Lord of the Flies is a 1950 classic and has been very often cited as the perfect portrayal of what prevails when man tries to conquer the wild. A novel miles ahead of its time, it gives us a clear message that, man when left to his own devices can only lead to destruction and chaos. Although this novel was rejected about 20 times before being published and was a total commercial flop due to the extreme brutality and savagery of the content discussed, it served as an inspiration to not one but many prominent authors of the present generation including Stephen King who said “The book is not just entertainment, it’s life or death”. Here is a list of five novels you definitely need to check out if you enjoyed “The Lord of the Flies”:
1. Coral Islands by R M Ballantyne
William Golding, in one of his interviews, admitted that “Coral Islands” by R M Ballantyne served out to be the main source of inspiration for his magnum opus. This book published almost a 100 years before the Lord of the Flies tells us the story of three boys who are shipwrecked on an island along the pacific coast. Initially, these three teenagers are absolutely excited about the prospect of living all by themselves in an adult-free environment but however as they encounter various pirates and Polynesian tribes inhabiting the island, the harsh realities of the struggles of living in the wilderness without any laws soon starts to kick in.
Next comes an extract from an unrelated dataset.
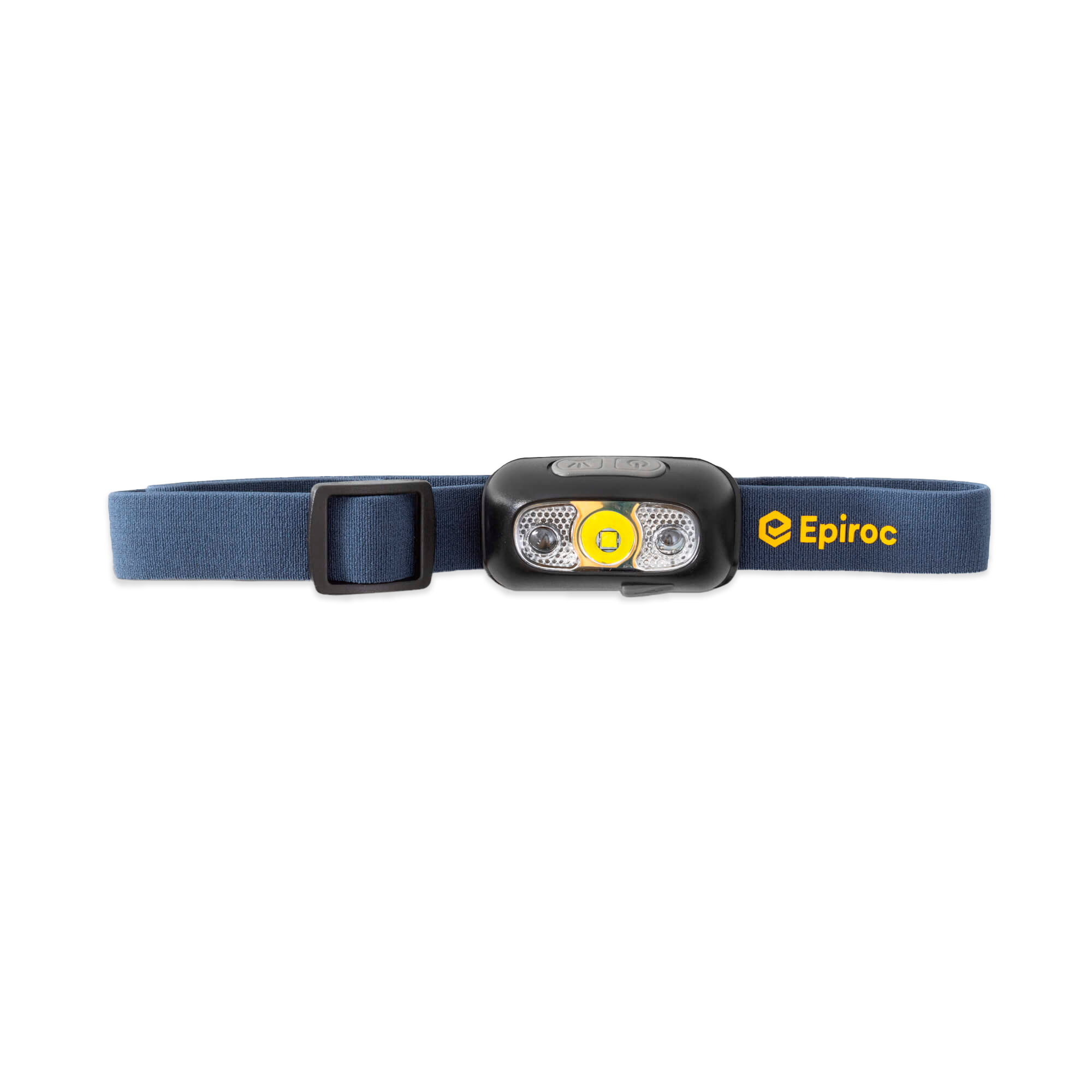 epiroc head torch in grey and yellow logo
This book gives us yet another example on how the battle of man versus wild always results in the wild overpowering and conquering them.
There are numerous similarities between the two books including the names of the main leads in the stories.
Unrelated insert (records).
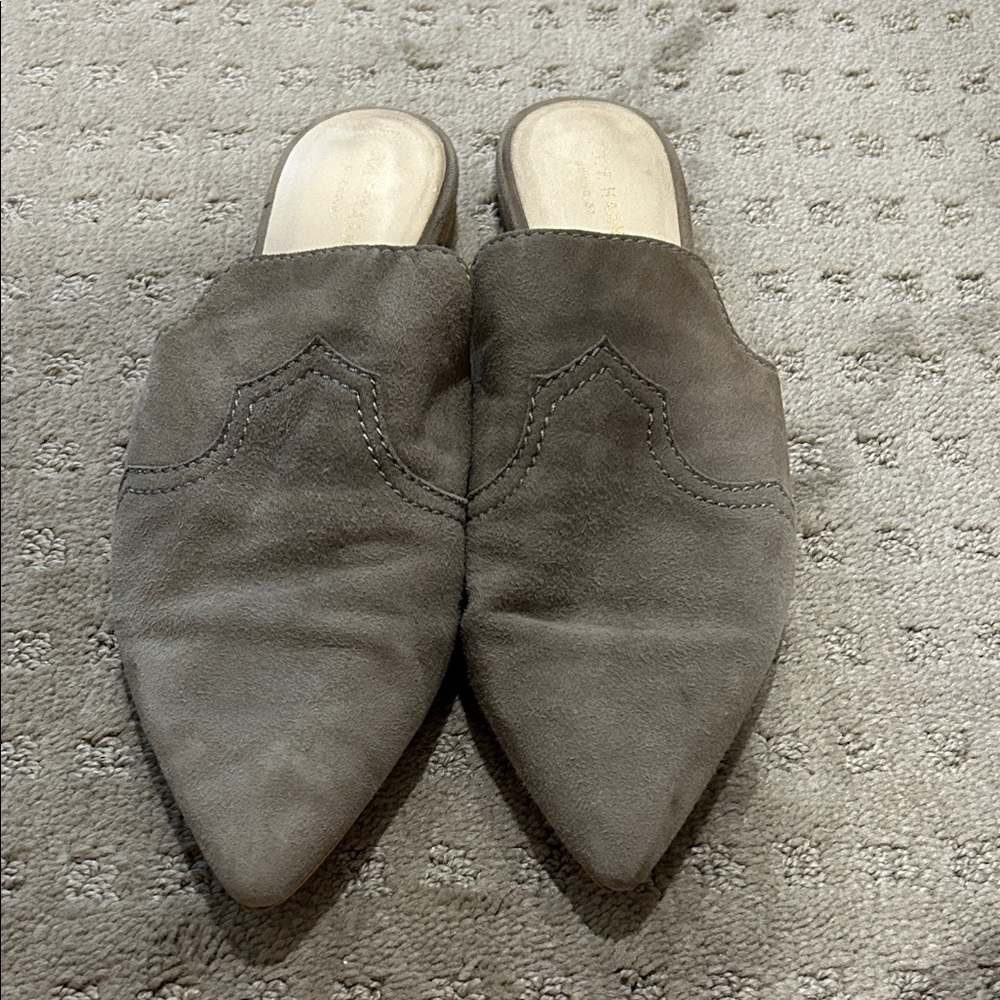 Cole Haan Pointed Suede Slip-On Mule in Gray — Neutral Everyday Style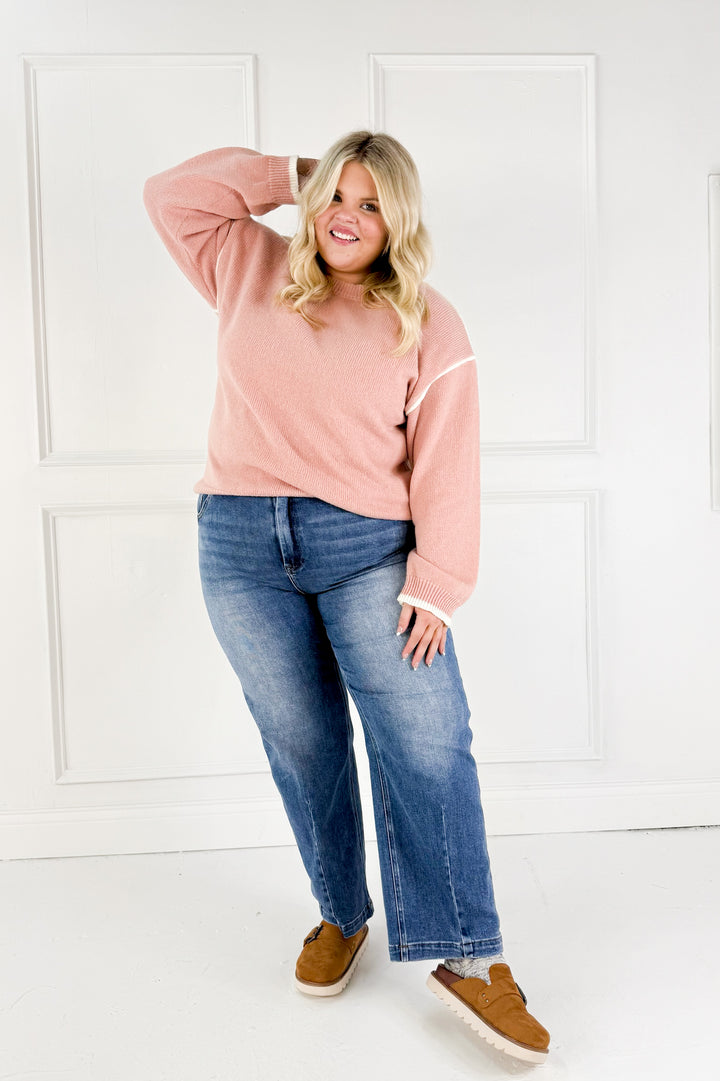 Contrast Trim Curvy Knit Sweater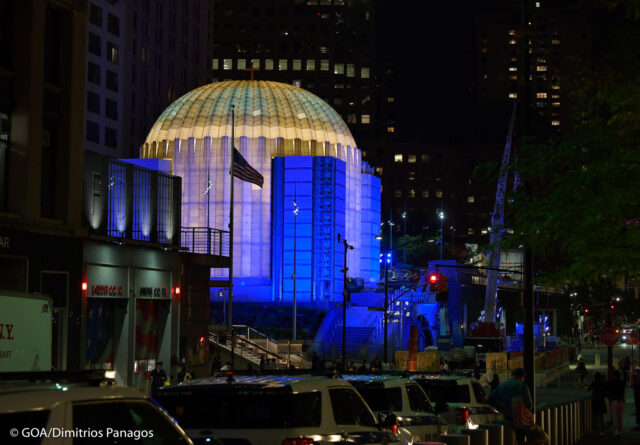 St. Nicholas Greek Orthodox Shrine Church in Lower Manhattan being lit blue on 9-11 2021. St. Nicholas is getting closer to rebuilding the only Church that was destroyed during 9-11, 2001.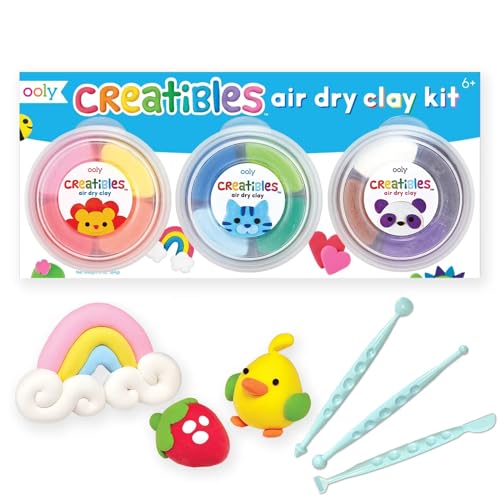Ooly Creatibles Air Dry Clay Kit - 12 Colors with 3 Shaping Tools for Kids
2. The Maze Runner Series by James Dashner
Set in a more dystopian backdrop, this young adult fiction deals with the story of a bunch of teenagers stuck inside a Maze and how together as a group they try to coexist with each other and at the same time find a way of escaping the Maze while battling the dangers it beholds.
This book gives us a more modernized and refined outlook on the different roles people take up in the growth of a civilization and the various conflicts that arise due to this distribution of power throughout the story without disturbing the mystery atmosphere it creates. At the end of the series, the story, however, diverges into something much more than just another young adult fiction giving rise to several questions about the human nature. Overall, the mysterious and eerie nature of the series, intertwined with companionship between the teens turned out to be a commercial success and was critically acclaimed too.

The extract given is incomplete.